Instructions to follow »
Everything in the listing should be copied exactly, save for the pictures.

Extracted material »
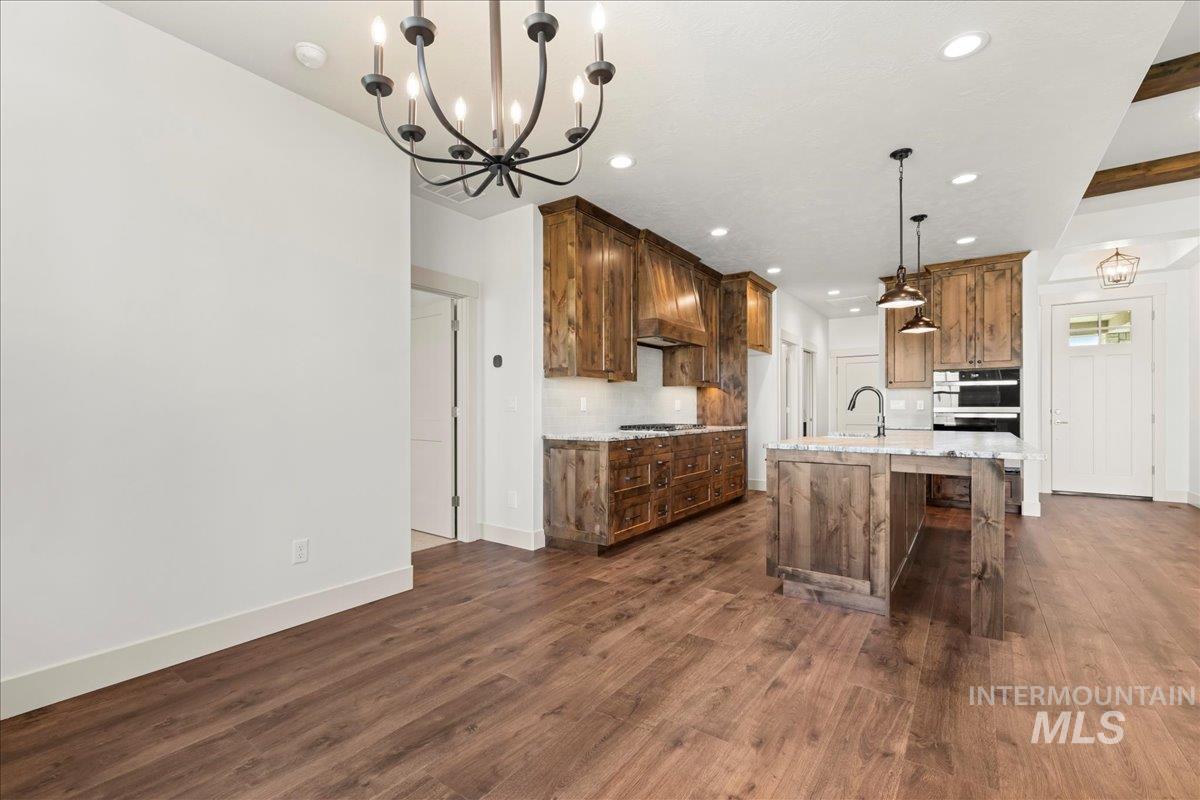 Kitchen featuring a chandelier, dark wood-style flooring, a kitchen island with sink, a kitchen bar, and light stone counters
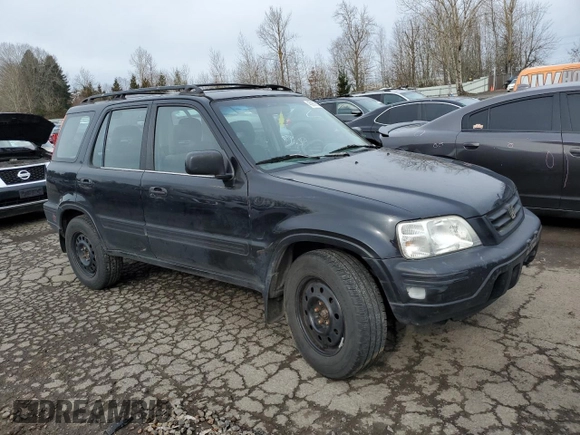 1999 Honda CR-V LX with VIN JHLRD1846XC008382, listed as a Copart auction lot 45989265 with 310,015 mi miles and Salvage Title. Bid and sale history available at carsss.com. Image 4.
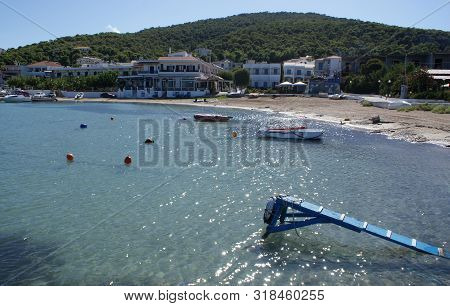 Greece, The Little Island Of Angistri.  Late Season, The Beach Is Quiet. A Sunny Afternoon. Reflecti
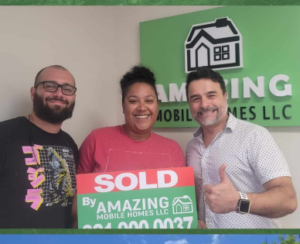 happy couple amazing mobile home homeowners with sales agent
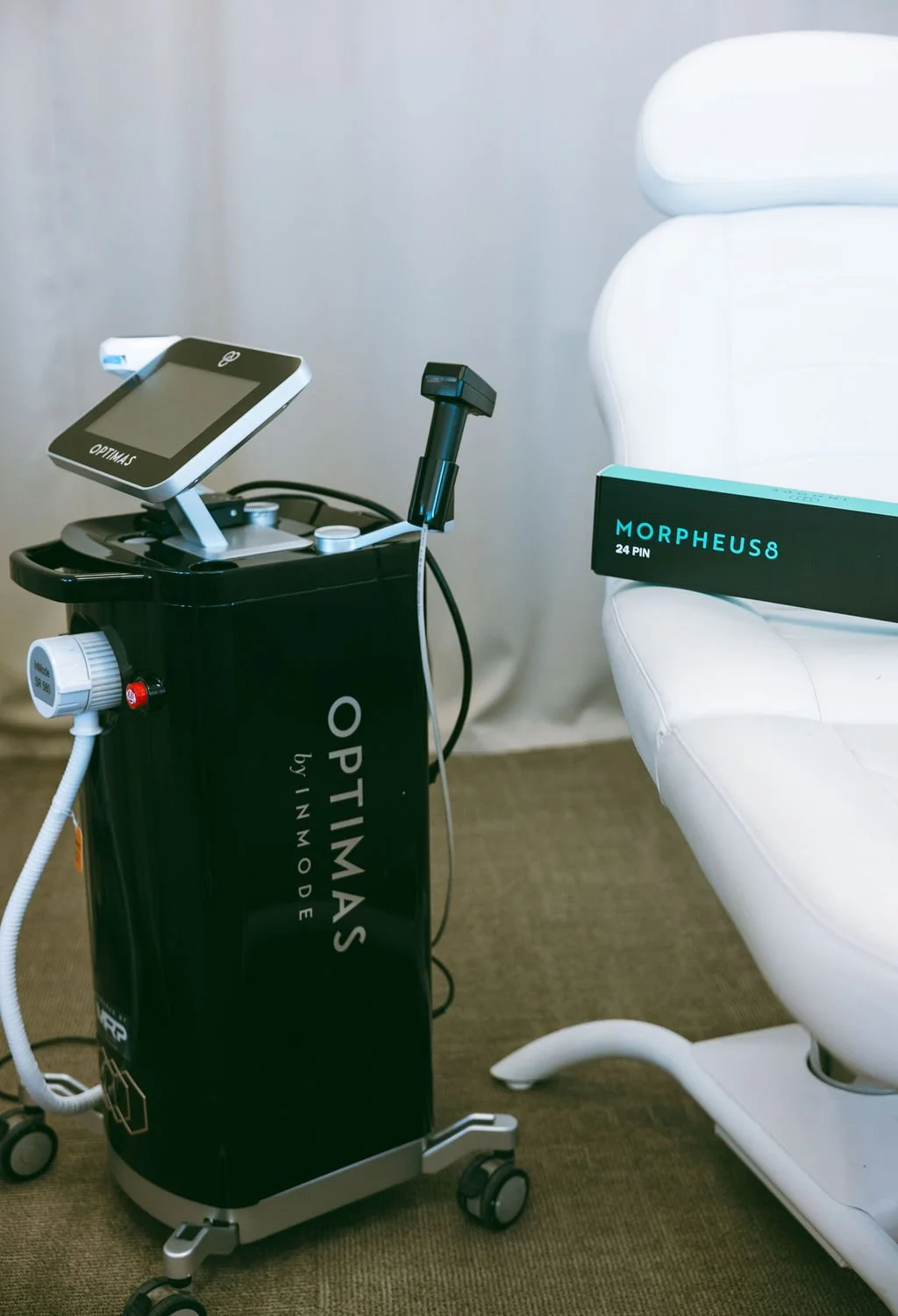 Medical equipment and a treatment chair in a clinic. The equipment has the word 'Optimas by Inmode' on it, and there is a box labeled 'Morpheus 8 24 PIN' on the chair.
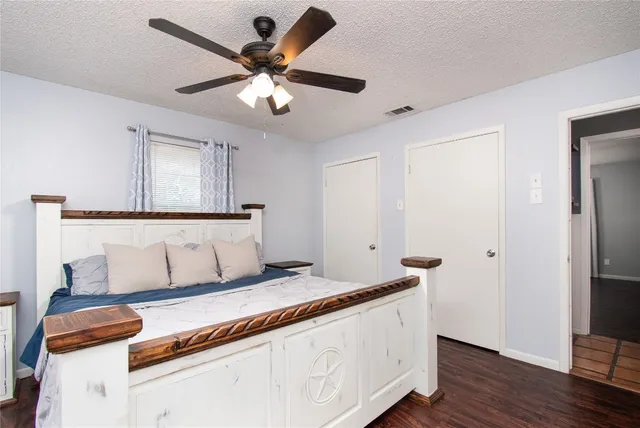 a living room with a bed furniture and a window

Answer to this problem »
 Kitchen featuring a chandelier, dark wood-style flooring, a kitchen island with sink, a kitchen bar, and light stone counters
 1999 Honda CR-V LX with VIN JHLRD1846XC008382, listed as a Copart auction lot 45989265 with 310,015 mi miles and Salvage Title. Bid and sale history available at carsss.com. Image 4.
 Greece, The Little Island Of Angistri.  Late Season, The Beach Is Quiet. A Sunny Afternoon. Reflecti
 happy couple amazing mobile home homeowners with sales agent
 Medical equipment and a treatment chair in a clinic. The equipment has the word 'Optimas by Inmode' on it, and there is a box labeled 'Morpheus 8 24 PIN' on the chair.
 a living room with a bed furniture and a window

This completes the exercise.